SOURCE MATERIAL -
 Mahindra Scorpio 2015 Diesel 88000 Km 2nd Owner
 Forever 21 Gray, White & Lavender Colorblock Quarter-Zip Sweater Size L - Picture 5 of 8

* * *

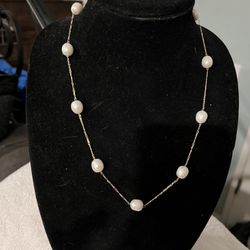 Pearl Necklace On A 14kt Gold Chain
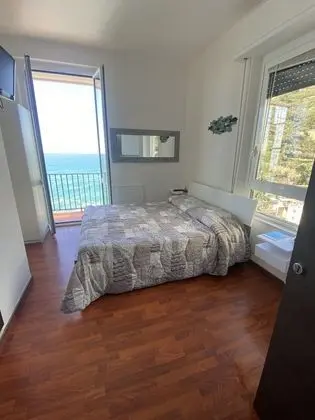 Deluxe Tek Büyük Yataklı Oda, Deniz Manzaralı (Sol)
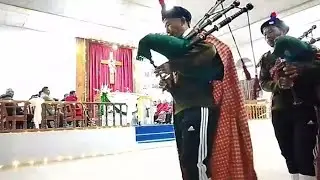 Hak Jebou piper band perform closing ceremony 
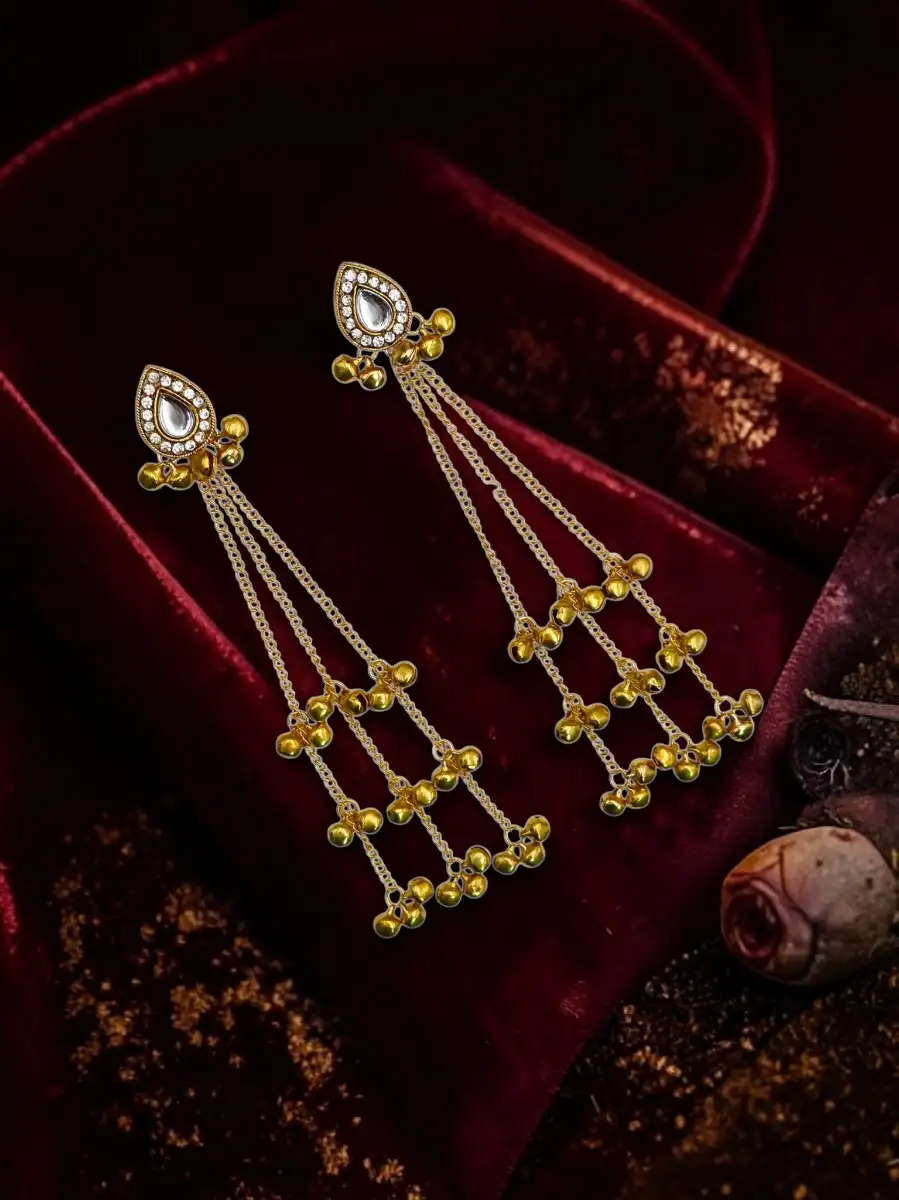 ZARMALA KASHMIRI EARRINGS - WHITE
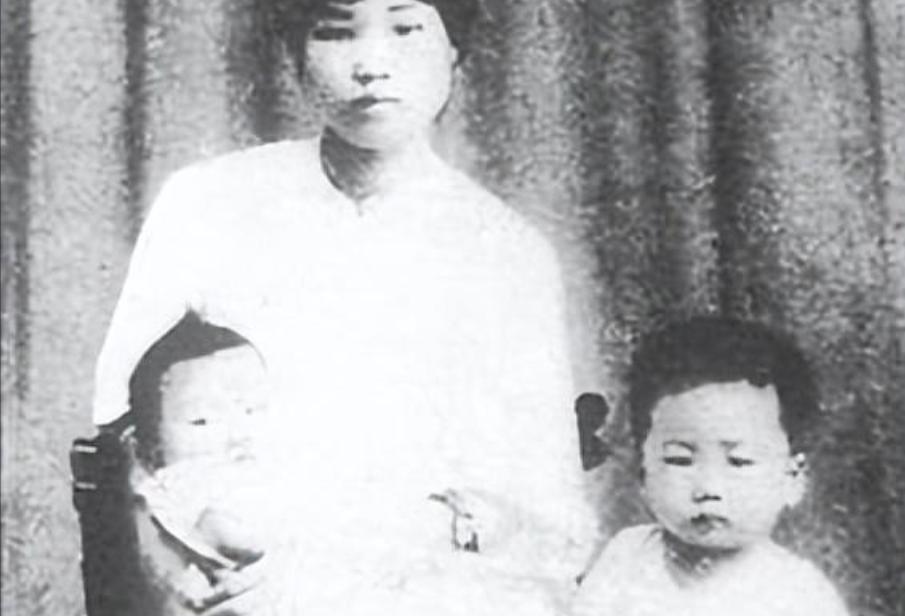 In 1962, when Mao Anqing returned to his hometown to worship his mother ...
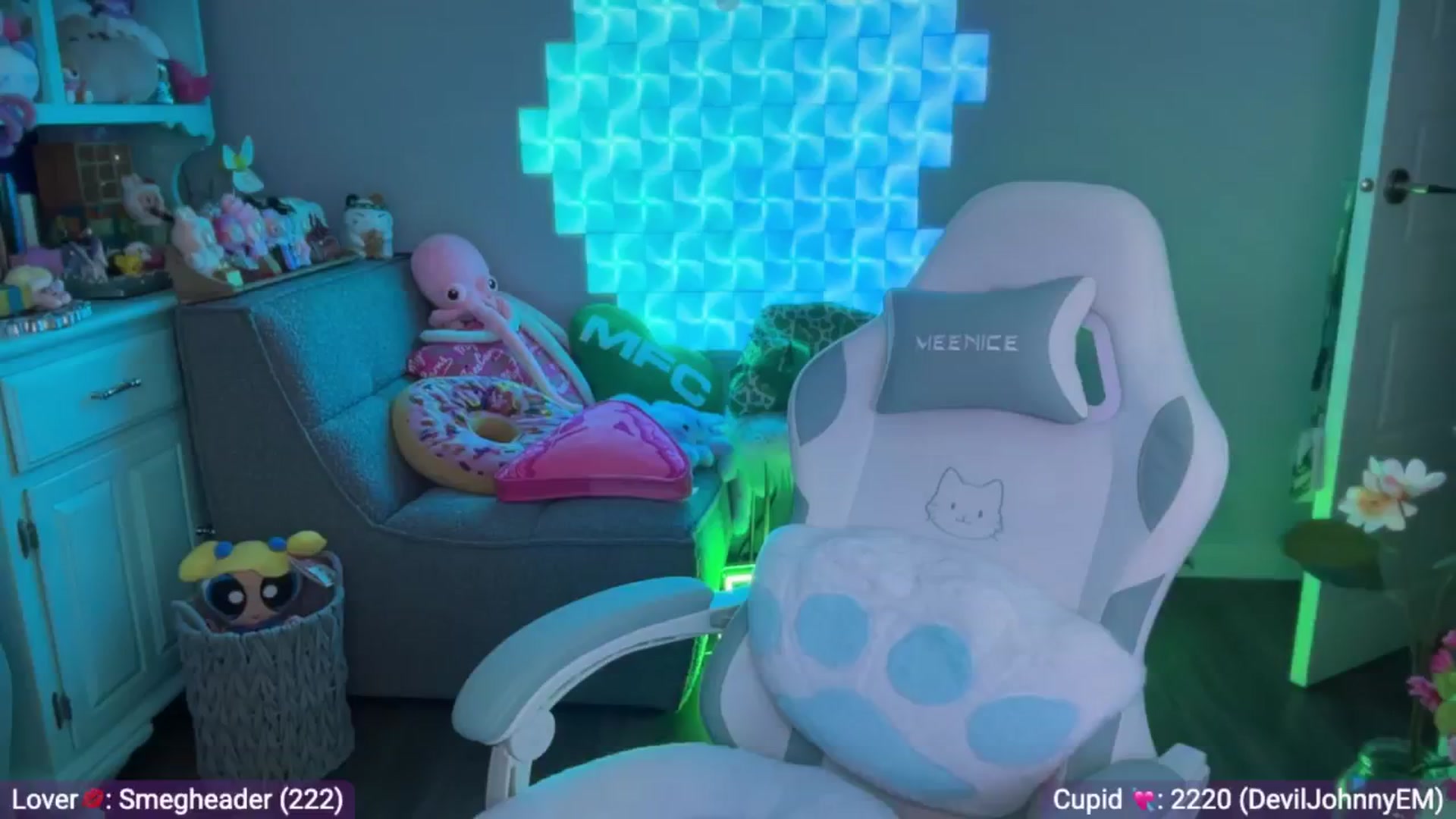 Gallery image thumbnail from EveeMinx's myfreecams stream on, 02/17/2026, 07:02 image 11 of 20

---

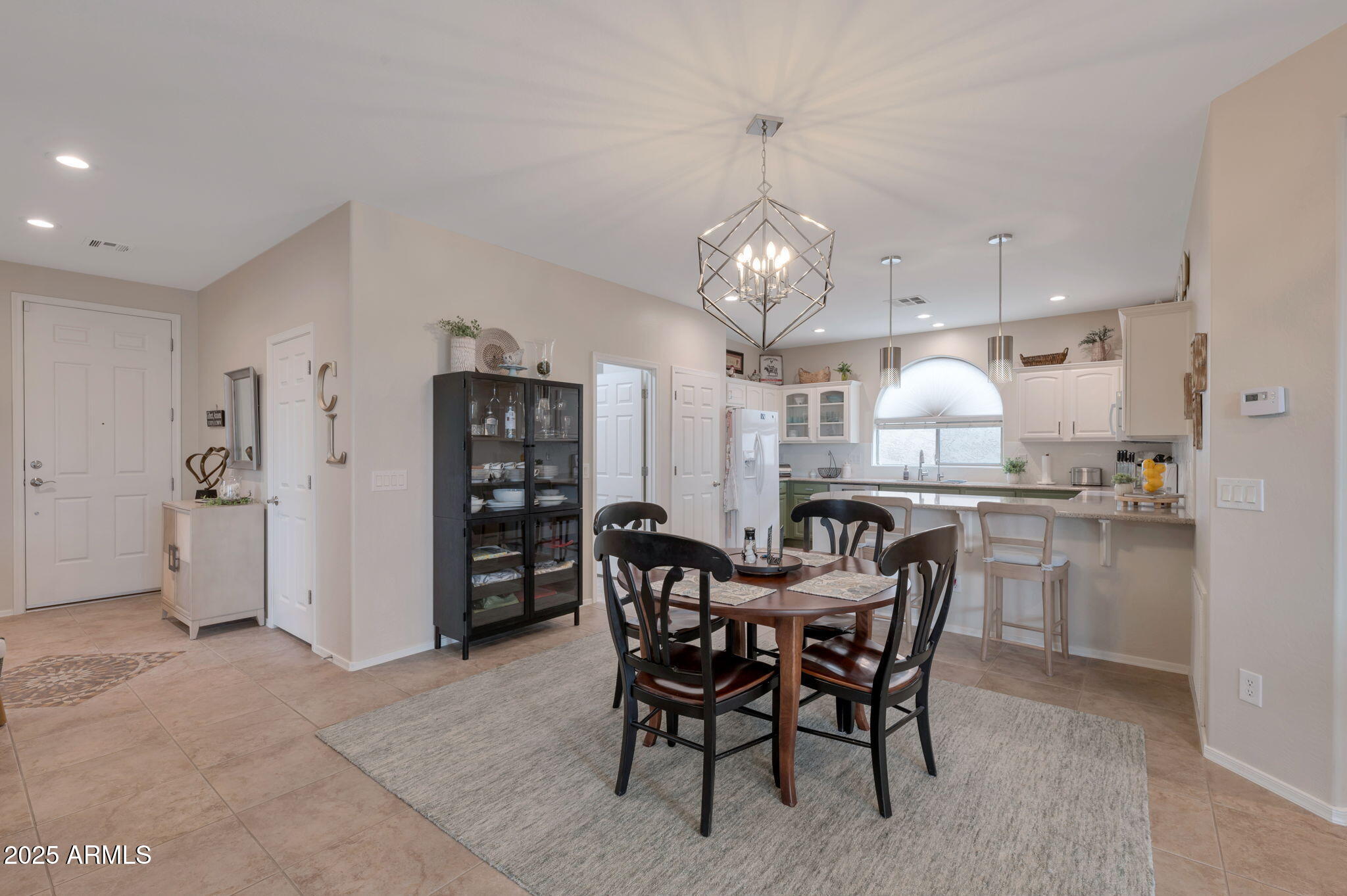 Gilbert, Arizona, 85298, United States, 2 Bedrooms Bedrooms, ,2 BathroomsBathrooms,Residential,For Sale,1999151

ABOUT THIS TASK - Look above for the line with "Pearl Necklace On A 14kt Gold Chain", then print it and each line after it down to and including the line with "Gallery image thumbnail". Leave out the pictures and keep the wording exact.

ANSWER FOR THIS EXERCISE -
 Pearl Necklace On A 14kt Gold Chain
 Deluxe Tek Büyük Yataklı Oda, Deniz Manzaralı (Sol)
 Hak Jebou piper band perform closing ceremony 
 ZARMALA KASHMIRI EARRINGS - WHITE
 In 1962, when Mao Anqing returned to his hometown to worship his mother ...
 Gallery image thumbnail from EveeMinx's myfreecams stream on, 02/17/2026, 07:02 image 11 of 20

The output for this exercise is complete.